1. Consumer Social Credit Score
To issue a loan, a large data set is usually studied, taking into account solvency, previous credit history, financial activity and other reliability factors of a potential borrower. The classic criteria evaluation system can reject or approve a loan based only on financial data.
A new trend in the financial services industry offers to take into account social and professional relations, as well as the digital activity of the user to make a decision. It is assumed that these factors are no less, and sometimes more important than dry financial statistics.
This method of determining the user’s creditworthiness will help to assess a variety of risks. For example, if a potential borrower does not have a credit history, social connections can be a plus for him. While the information that the client often changes phone numbers can be a negative factor in his assessment as a potential borrower.
2. Mortgage Lending
In mortgage lending, big data also helps to evaluate a potential buyer and calculate risks. The idea of researching the social life and Internet activity of the customer is relevant for this type of loan, however, the possibilities and capabilities of big data applications for mortgage lending are much wider.
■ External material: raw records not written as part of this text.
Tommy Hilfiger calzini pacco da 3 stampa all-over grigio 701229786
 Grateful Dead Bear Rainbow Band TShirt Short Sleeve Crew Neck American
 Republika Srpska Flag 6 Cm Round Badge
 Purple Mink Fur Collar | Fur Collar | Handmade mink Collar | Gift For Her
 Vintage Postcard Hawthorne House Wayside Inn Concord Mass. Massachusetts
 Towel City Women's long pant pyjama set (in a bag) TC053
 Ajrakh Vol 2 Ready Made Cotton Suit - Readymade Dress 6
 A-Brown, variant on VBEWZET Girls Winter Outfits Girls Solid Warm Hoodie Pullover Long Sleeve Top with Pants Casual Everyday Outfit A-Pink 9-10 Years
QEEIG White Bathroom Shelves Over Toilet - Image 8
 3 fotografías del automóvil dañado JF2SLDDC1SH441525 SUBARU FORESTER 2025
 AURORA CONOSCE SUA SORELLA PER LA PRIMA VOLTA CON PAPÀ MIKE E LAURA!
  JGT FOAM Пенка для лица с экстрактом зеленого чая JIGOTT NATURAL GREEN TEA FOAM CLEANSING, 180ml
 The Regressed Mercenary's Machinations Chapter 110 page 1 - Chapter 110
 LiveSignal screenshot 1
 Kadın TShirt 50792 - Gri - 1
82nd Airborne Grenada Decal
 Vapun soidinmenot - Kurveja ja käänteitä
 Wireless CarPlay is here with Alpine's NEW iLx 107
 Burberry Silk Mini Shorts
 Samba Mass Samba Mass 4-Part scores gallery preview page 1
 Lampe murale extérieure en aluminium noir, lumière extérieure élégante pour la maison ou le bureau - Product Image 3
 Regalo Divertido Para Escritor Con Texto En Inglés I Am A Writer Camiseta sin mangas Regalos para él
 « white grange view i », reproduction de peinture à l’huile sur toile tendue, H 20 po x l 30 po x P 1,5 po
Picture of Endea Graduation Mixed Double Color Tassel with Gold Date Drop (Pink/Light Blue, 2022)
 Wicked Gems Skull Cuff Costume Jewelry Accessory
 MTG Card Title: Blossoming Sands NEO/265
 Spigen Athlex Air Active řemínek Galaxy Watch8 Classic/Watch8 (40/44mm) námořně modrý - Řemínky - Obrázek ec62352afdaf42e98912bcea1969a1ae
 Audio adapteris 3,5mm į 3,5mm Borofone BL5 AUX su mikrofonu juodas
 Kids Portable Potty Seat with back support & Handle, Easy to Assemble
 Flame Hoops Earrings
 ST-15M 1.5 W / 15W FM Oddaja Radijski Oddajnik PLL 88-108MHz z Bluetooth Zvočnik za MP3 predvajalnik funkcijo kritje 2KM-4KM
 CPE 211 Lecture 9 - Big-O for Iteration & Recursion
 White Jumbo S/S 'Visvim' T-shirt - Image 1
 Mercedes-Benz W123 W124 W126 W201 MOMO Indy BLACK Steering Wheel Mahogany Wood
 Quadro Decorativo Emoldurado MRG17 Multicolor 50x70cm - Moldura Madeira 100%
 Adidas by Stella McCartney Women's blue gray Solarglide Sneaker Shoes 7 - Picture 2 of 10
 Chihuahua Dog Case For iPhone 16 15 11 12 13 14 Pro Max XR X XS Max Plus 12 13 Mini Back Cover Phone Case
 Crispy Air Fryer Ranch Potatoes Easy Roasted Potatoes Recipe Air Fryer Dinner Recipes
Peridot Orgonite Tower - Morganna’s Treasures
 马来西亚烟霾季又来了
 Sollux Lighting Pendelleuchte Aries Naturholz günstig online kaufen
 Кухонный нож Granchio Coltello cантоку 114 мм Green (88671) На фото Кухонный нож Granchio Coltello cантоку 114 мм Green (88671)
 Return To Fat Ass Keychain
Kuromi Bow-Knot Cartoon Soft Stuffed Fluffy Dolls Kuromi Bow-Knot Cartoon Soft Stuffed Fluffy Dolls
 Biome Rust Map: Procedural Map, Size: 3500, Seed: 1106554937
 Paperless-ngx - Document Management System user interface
The process of applying for a mortgage may be substantially changed in the near future. By mixing big data analytics and ML, you can get a deeper level of digging into the available information obtained not only from financial sources but also from any public, including web sites. After finishing the application, it will be compared with the data available in the company and, based on these data, the application will be approved or rejected. If there are too many discrepancies in the data, the application may be rejected or sent for human review. It also allows identifying identity theft or other fraudulent real estate transactions.
The undoubted advantage of this approach is a significant saving in the money and time of lenders, since the application does not go to the manager until it passes a series of procedures and checks by the algorithms.
Another way to use big data analytics in mortgage lending is to analyze market prices for real estate. The implementation of algorithms helps to appropriately evaluate real estate based on the analysis of similar objects, taking into account many additional factors.
3. Unified Data Analytics Platforms
Creating a unified data analytics platform is relevant for large financial companies that have several departments in various areas: investment banking, commercial banking, retail banking, etc. For the successful work of each unit, it is necessary to mine information according to various criteria using different analytical platforms. However, in such a scenario, it is very difficult to ensure the communication of different data points between departments of a big financial company.
A unified analytical platform will enable the creation of specialized data processing environments on-demand. This allows each data scientist to launch the platform using his own customized environment and through the user-friendly interface deploy machine learning throughout the organization. It is especially relevant for big financial groups serving millions of clients worldwide to have a unified solution for data processing across departments.
Big data analytical tools, built into such a financial data analytic platform, significantly improve its work, accelerating data mining, helping to systemize it. Also for such a platform, cloud big data technologies can be used to provide quick access to databases from different parts of the world and divisions of the company.